Fetch page with proxy using The Go language
For a while i’m playing with
The Go Programming Language
– so far I loved it. I figure out that I’ll push some code snippets from time to time.
Today I spend some time creating simple not ever crawler, but website fetcher.
Idea is very simple – download page, run xpath query on it and spit out results. I was looking for decent xpath library for Go and couldn’t find any. I tried to use
xmlpath
but it sucks. I couldn’t even run queries like id('product-details')/div[@class='product-price']"
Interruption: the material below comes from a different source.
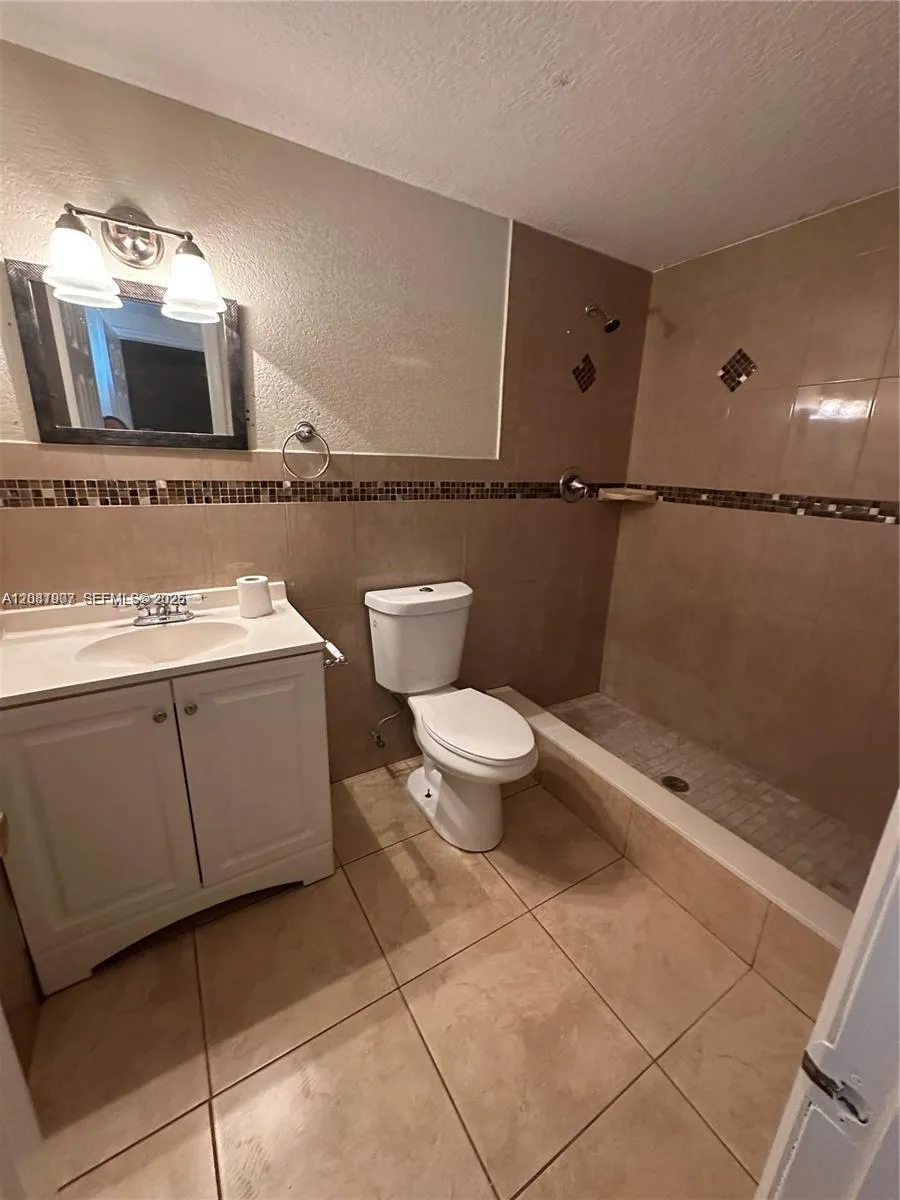 4041 SW 50th St Dania Beach, FL 33314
Then I found something nicer –
Gokogiri
– which works pretty nicely, but – couldn’t find any examples except this
small article
.
The only problem with running Gokogiri is that it uses libxml2
which is not a huge problem on Linux based systems, but on Mac OS X you have to install it via
homebrewbrew install libxml2
Here is code
package main
import (
"fmt"
"net/http"
"log"
"github.com/moovweb/gokogiri"
"io/ioutil"
"os"
)
func main() {
body := fetch("http://httpbin.org/html")
doc, err := gokogiri.ParseHtml(body)
if err != nil {
log.Fatalln(err)
}
defer doc.Free()
html := doc.Root().FirstChild()
result, err := html.Search("/html/body/h1")
if err != nil {
log.Fatalln(err)
}
fmt.Println(result)
}
func fetch(url string) []byte {
os.Setenv("HTTP_PROXY", "http://x.x.x.x:8080")
client := &http.Client{}
req, err := http.NewRequest("GET", url, nil)
if err != nil {
log.Fatalln(err)
}
req.Header.Set("User-Agent", "Golang Spider Bot v. 3.0")
resp, err := client.Do(req)
if err != nil {
log.Fatalln(err)
}
defer resp.Body.Close()
body, err := ioutil.ReadAll(resp.Body)
if err != nil {
log.Fatalln(err)
}
return body
}